No matter how or if you celebrate, it is normal that this time of year can affect your mental health. You may be feeling like you aren’t enjoying the things you usually do this time of year. You may be worried about friends and family or other things happening in the world. You are not alone. There are all sorts of reasons you might find this time of year difficult and that’s OK.
At Samaritans, we’re committed to helping you, however we can. If you don’t feel like there’s anyone you can talk to, our volunteers are here for you. Call free, day or night, on 116 123 or email [email protected]
In case it’s helpful, we have gathered some tips and resources to help you cope this festive season.
Take time for yourself
- Try to listen to how you are feeling. Our self-help web app can help you track your mood and includes practical tips and techniques to help you look after your emotional health.
- Make time for something you enjoy. It could be doing something creative, watching a favourite movie, or wrapping up warm and spending time outdoors.
- Remember it’s OK to say no. Try not to overwhelm yourself, if you’re not feeling up to socialising, or aren’t in the festive spirit. You don’t have to take part in things that might be difficult for you, whether they’re online or in person.

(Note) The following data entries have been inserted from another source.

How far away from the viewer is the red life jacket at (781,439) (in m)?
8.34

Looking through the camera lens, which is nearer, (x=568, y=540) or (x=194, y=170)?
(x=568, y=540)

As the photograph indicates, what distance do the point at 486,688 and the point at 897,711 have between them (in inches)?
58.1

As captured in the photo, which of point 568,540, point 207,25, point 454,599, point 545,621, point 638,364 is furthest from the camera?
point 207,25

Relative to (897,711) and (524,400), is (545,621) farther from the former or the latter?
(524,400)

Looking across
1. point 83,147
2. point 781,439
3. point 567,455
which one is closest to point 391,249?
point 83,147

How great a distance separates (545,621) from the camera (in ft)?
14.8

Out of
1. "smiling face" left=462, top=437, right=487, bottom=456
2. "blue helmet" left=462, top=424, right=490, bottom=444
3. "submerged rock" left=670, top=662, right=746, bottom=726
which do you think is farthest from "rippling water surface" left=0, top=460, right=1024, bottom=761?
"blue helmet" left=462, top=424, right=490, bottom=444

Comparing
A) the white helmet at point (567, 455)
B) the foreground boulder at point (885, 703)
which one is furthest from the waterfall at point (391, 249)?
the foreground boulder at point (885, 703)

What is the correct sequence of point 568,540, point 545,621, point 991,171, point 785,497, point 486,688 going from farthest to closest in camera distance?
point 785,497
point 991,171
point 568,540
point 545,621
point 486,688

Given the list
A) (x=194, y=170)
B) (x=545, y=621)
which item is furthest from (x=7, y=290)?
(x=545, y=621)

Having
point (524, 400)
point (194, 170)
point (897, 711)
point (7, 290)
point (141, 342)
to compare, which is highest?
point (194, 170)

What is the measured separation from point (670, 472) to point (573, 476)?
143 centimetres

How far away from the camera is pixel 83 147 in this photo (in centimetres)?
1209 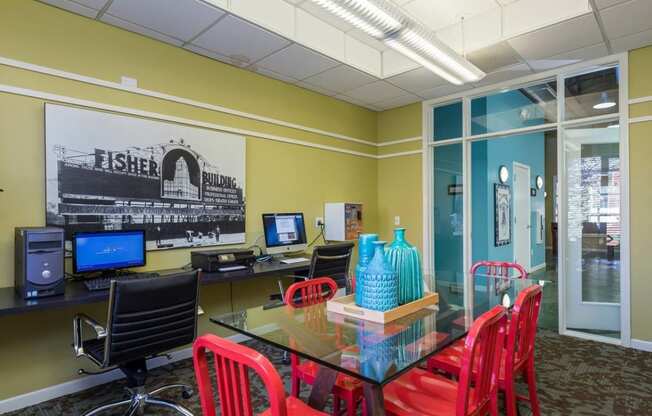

- Be gentle with yourself. Manage the festive period in a way that works for you. It’s not selfish to prioritise your wellbeing – try not to feel guilty about this. Many people are struggling financially, this year particularly. Try not to put pressure on yourself and remember that quality time is the best gift of all. If you find that you’re enjoying yourself, know that this is OK and not something you should feel guilty about either.
Manage your social media
- Try to avoid comparing yourself to others. Social media can be difficult during the festive period, with advertising and gift sharing impacting many people’s self-esteem. Remember that social media is a place where people share their highlights – try not to compare your experiences to what you see others doing online.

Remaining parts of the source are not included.